Alyssa Rock
Technical Writer
Alyssa Rock
Technical Writer

Blog Post

The life-changing magic of a tidy kanban board

December 29, 2020 process improvements

I’ve gone from actively hating our documentation issue backlog to feeling proud of our issue triage process. I collaborated with my documentation teammates and the Salt project manager to refine and improve our system for triaging documentation issues over the last six months. Because I feel pretty excited about what we accomplished, I’m sharing some of the key insights and best practices that I’ve learned about issue triage along the way.

Issue triage basics: tools and terminology

Just in case you have no idea what I mean when I say issue triage, let me take a moment to define some terms and talk about the tools involved.
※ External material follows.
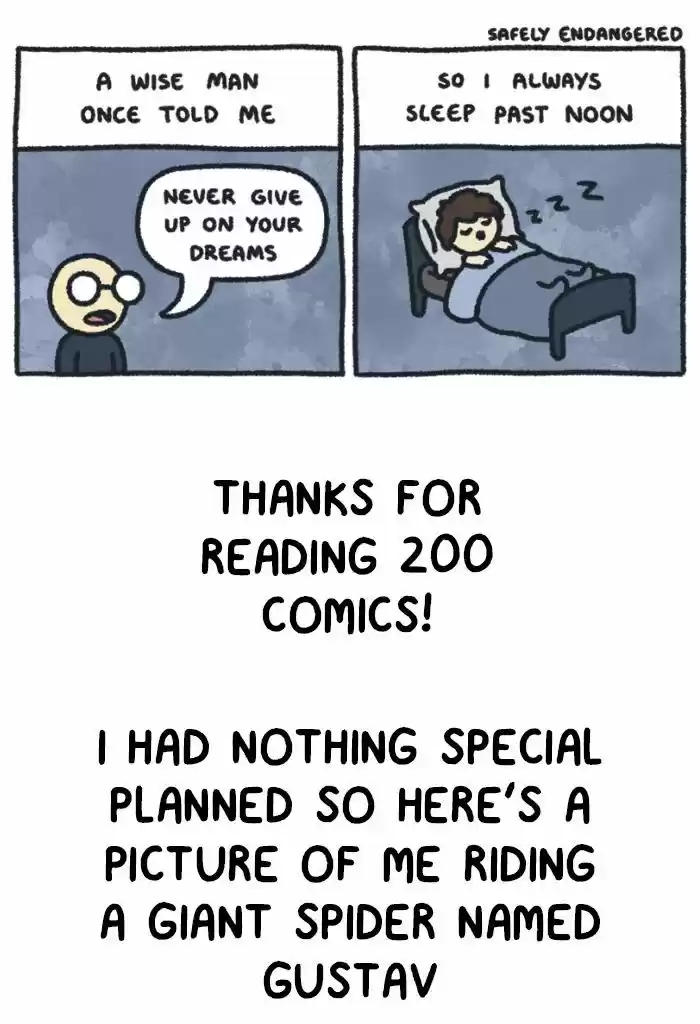 Safely Endangered 200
If this is stuff you already know, feel free to skip to the next section.

The main project management method that most software projects use for tracking work that needs to be done is the issue board. An issue (also often called a ticket) represents a discrete task that needs to be done or a problem that needs to be solved.

For example, if I know that a new feature needs to be documented as part of a release, I might create an issue to track that work throughout the whole process. In the body of the issue, I typically include a brief description of the feature and add a checklist of different tasks I need to complete in order for that issue to be considered completely resolved. See Issues in the official GitLab documentation for an example of how a ticket looks in GitLab (which is our tool of choice).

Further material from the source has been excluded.